The association also wrote to the chair and ranking member of the U.S. House of Representatives Judiciary Committee urging passage of the “Protecting Our Kids Act,” a package of eight previously introduced bills focused on preventing firearms violence. In particular, the AMA said it supports provisions in the bill that would:

  • increase the purchasing age for semi-automatic rifles from 18 to 21;
  • ban the importation, sale, manufacture, transfer or possession of high-capacity ammunition magazines and bump stocks and related devices;
  • close the “ghost-gun loophole;” and
  • create federal requirements for safe gun storage and establishing strong penalties for any violations.

Following President Biden’s televised address about the shootings Thursday evening the American Academy of Family Physicians tweeted its approval and urged Congress “to be on the right side of public health & pass common sense gun laws such as strengthening background checks and safe storage for firearms.”

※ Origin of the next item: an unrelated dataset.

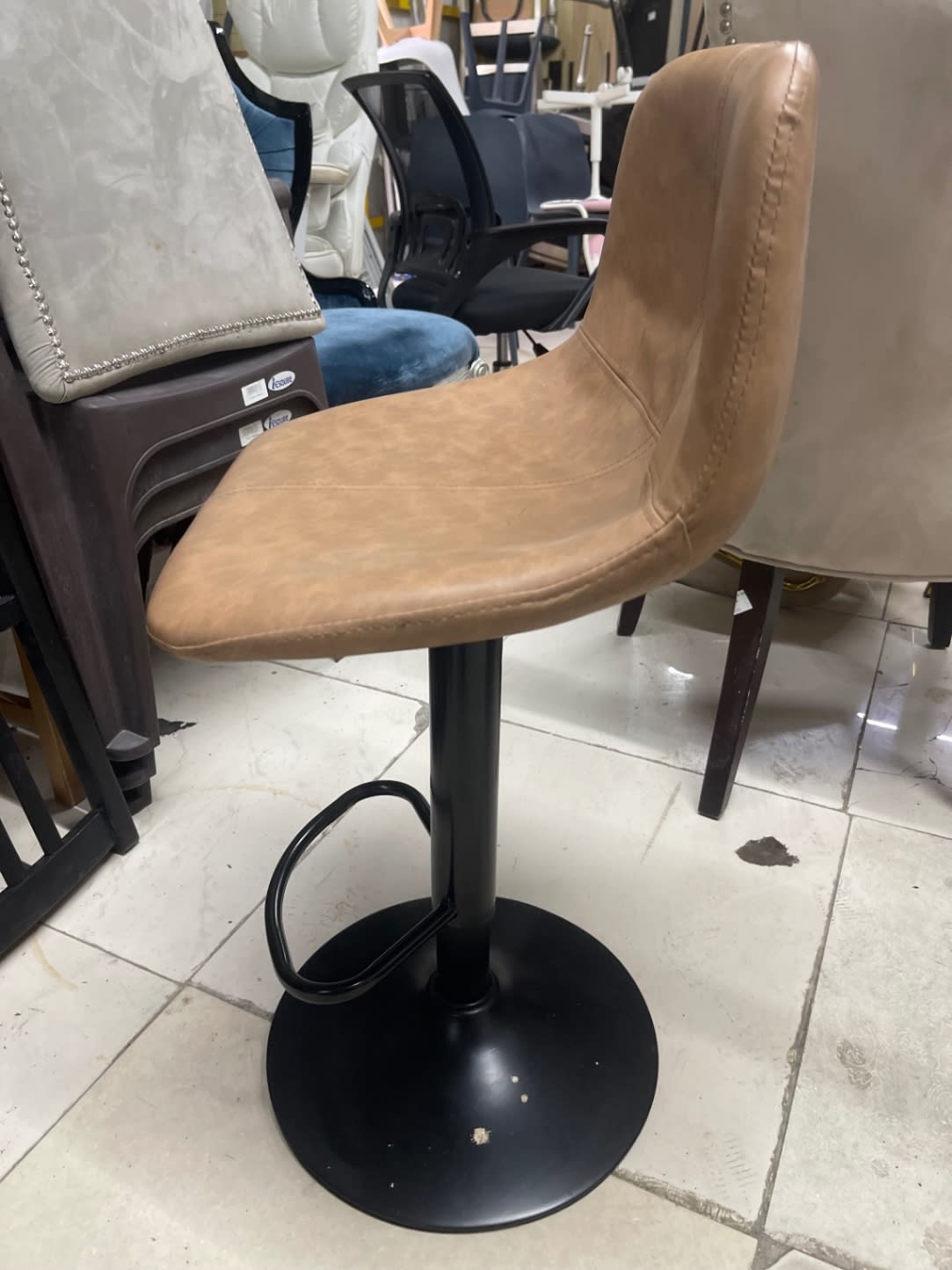 Adjustable Bar Stool 2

The American Hospital Association, in a written statement from its president and CEO Rick Pollack, noted that the Tulsa shooting was the 233rd mass shooting in 2022, including 20 just in the days between the ones in Tulsa and Uvalde, Texas.

“The Tulsa shooting further reinforces the need for action to be taken to stop these tragic events,” Pollack said. “America’s hospitals and health systems experience each and every day firsthand the devastating impact all forms of violence have on individuals’ lives and health. And they see how violence can ripple through a community, affecting not just the injured but their family, friends and neighbors.”